While I edit and standardise some files I thought I’d also share some of why I decided on a mantua over a francaise: The Blue second Managers gown from Phantom of the Opera.
The 1870s had a heady mix of 18th century inspiration. Right across the Baroque to Rococo.
So there are times where self fabric or matched colour trimmings mimic or reference the latter part of the century, so too are there times the mantua is a clear inspiration.
This is especially true for the late 1870s as the waist dropped a little, and the bodice hem dropped further. The entire style was narrow, with a focus on the tablier (front of skirt panel) and a looped back train.
It’s possible to consider pannier style drapery as the extension of the front of the mantua robe, and the water fall as the back of the robe. The apron drapery can even be brought in separately though usually these seem to be of a different material.
I am quite enjoying the fact that my mantua can be used to illustrate the similarities and differences in cut and fit and in construction as I used my library of patterns for both my own Blue dress and Mantua.
My progress has gotten to the “piece very chunky silver lace into an invisible join” stage of my own Mantua, so to let my mind work in the background on that I’m using the front of my mind to look at my inspiration garments.
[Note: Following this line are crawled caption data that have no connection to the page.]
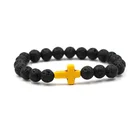 Wholesale stylish cross charm bracelet set Mala ball beads religious bangle for men women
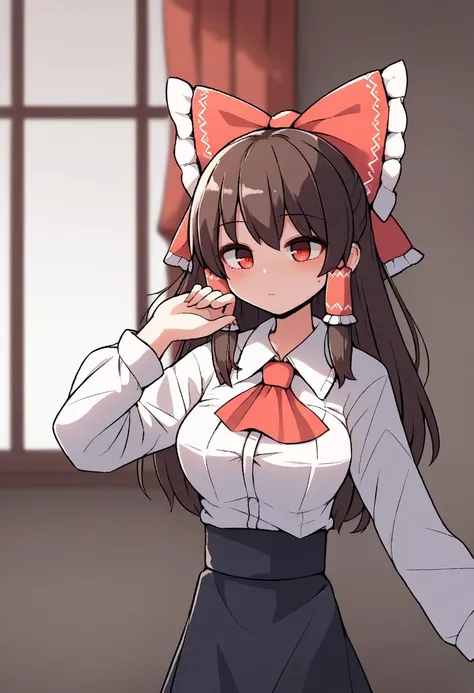 score_9, score_8_up, source_anime BREAK
hakurei_reimu, touhou, 1girl, brown_hair, red_eyes
, skirt, shirt, long sleeves, white shirt, pantyhose, frills, collared shirt, black skirt, black_pantyhose, ascot, high-waist_skirt, meme_attire, red ascot, centerfrills, solo, upper body
detailed_background,outdoors,highres,indoors,split screen,window,curtains,standing, fully clothed,
<lora:ShrinkingConcept2-000016:1>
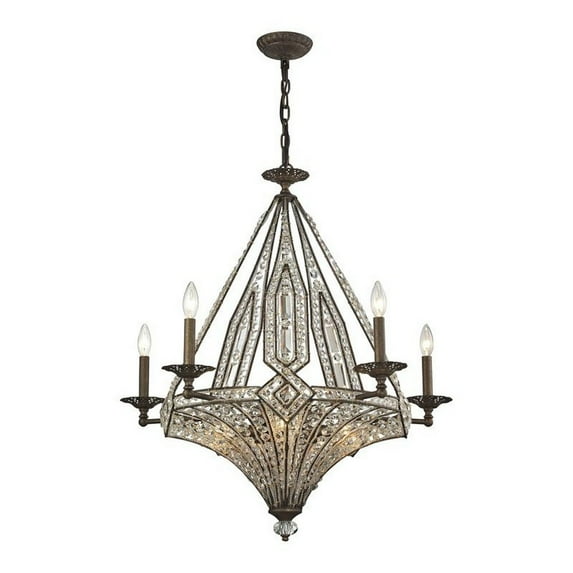 Elk Lighting Jausten Antique Bronze Chandelier w/ 10 Light 60W - 11785/5+5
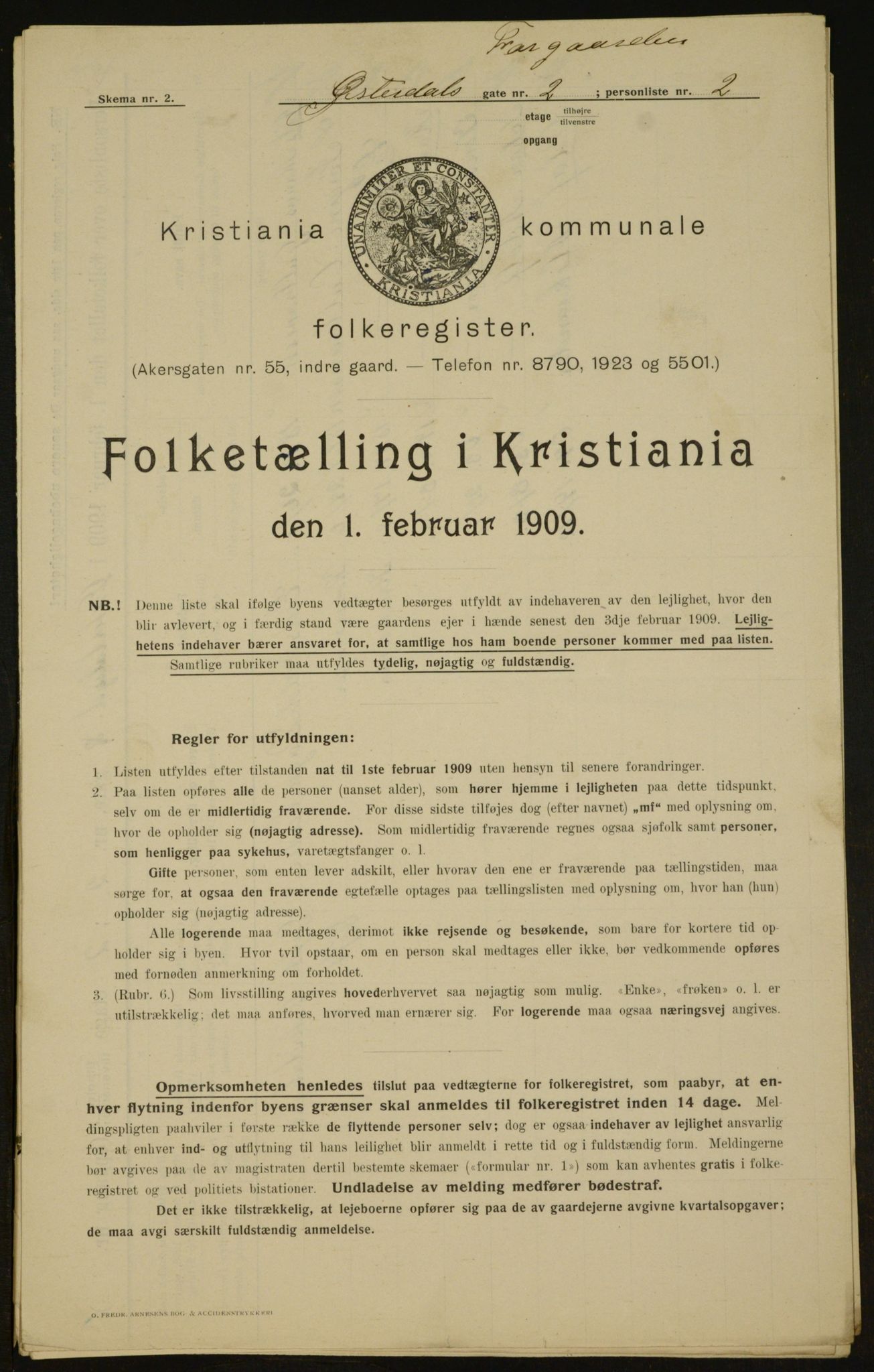 OBA, Municipal Census 1909 for Kristiania, 1909, p. 117078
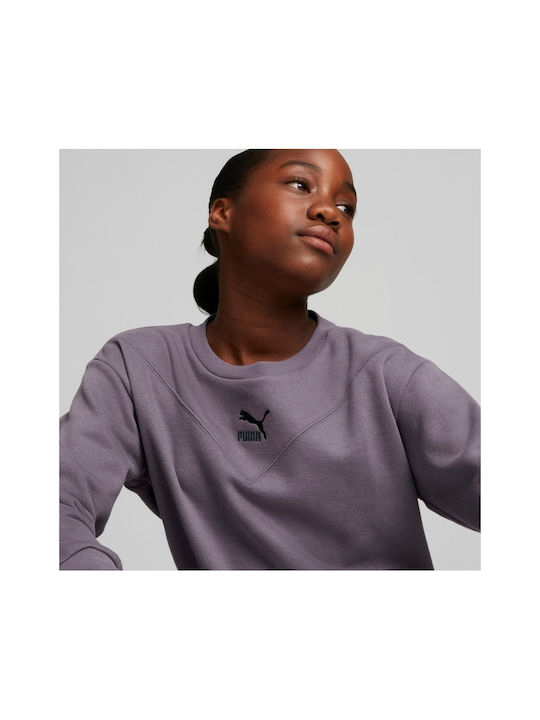 Kids Sweatshirt Cropped with Hood Purple Classics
So the first is the one that started it all. Many years ago I was perusing the University library and a tiny book on some garments of the Museum of London. At the time I had the Arnold and Payne pattern diagrams of the Kimberly gown in the Metropolitan museum of art and was interested. But also I had all the fashion prints that show decorations are like very ornate piped icing on tall and narrow cakes.
It was not my deal. But the early London Museum mantua strips all the ostentation down to the stomacher.
Now this is “Me.” All the fit is in the pleats and turnings, much of which is done from the outside. What a nifty and frustrating way for someone used to draping and drafting toiles!
I wish I could link to the museum but they no longer have a record of the garment.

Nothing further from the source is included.